Esto no siempre fue así. Hubo un tiempo no lejano en que la amistad era
un admirable esfuerzo conjunto, un lienzo pintado a cuatro manos, un
himno cantado a dos voces. Si la Humanidad se ha dejado millones de
heroicidades perdidas en las entretelas de la historia, buena parte de
las amistades ejemplares han nacido y muerto en el anonimato. Pero otras
son conocidas, pues constituyeron una fuente de placer no sólo para sus
protagonistas, sino también para sus espectadores. Entre estas
amistades bien documentadas destacan las compartidas por los escritores,
pues no en vano eran ellos mismos quienes se encargaban de narrarlas
para la posteridad. Cervantes y Lope de Vega fueron amigos hasta que el
segundo escribió a finales del siglo XVI su novela La Arcadia,
donde alababa a su compañero de oficio -que todavía no había publicado
su obra maestra- como uno de los buenos poetas del país. Cervantes no le
devolvió el cumplido, sin embargo, sino que en el prólogo del Quijote
-nada menos- se burló de Lope por su cargante alarde de erudición. Por
estas mismas fechas en Inglaterra eran amigos Shakespeare y el gran Ben
Jonson, varias de cuyas obras se dieron a conocer gracias a la compañía
teatral del Bardo, que actuó en alguna de ellas.

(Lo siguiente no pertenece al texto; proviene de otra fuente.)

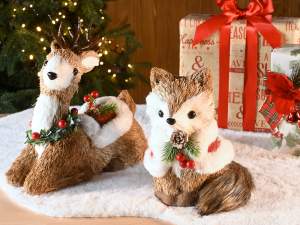 fibre de Noël en gros de renard et de faon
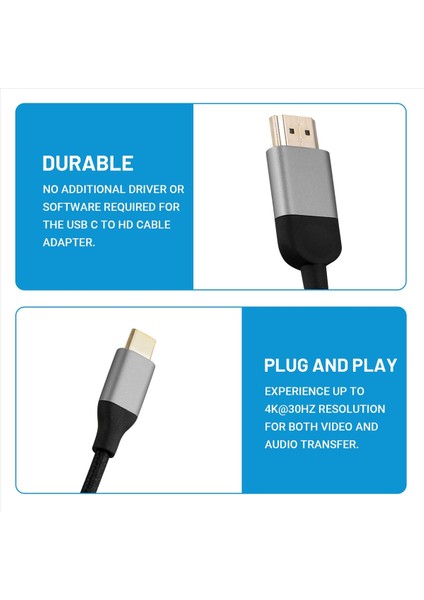 Qgeem Bağlantılar USB Tip C Ila HDMI Uyumlu Kablo Adaptörü 4K30Hz Video ve Ses Şanzımanı Için Adaptör Kablosu A (Yurt Dışından) fırsatları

Los escritores son individuos retraídos a la fuerza, pues la soledad es
indispensable para llevar a cabo su trabajo, que consiste básicamente en
leer y escribir. Pese a no considerarse actividades sociales en el
sentido tradicional, la lectura y la escritura constituyen ambas un modo
de interacción humana, aunque puedan tacharse de relación lateral y à
la carte. Un libro es ese amigo siempre disponible, que aporta sus
razones sin imponerlas. Un lector es un amante caprichoso e infiel, que
puede durar años o desaparecer de pronto sin despedirse. El escritor se
nutre de estos dos tipos de relación virtual, pero sus amistades reales
son a menudo colegas de profesión que comparten y comprenden su
particular estilo de vida.
“Viéndote, se diría que Inglaterra sufre una hambruna”, le dijo G. K.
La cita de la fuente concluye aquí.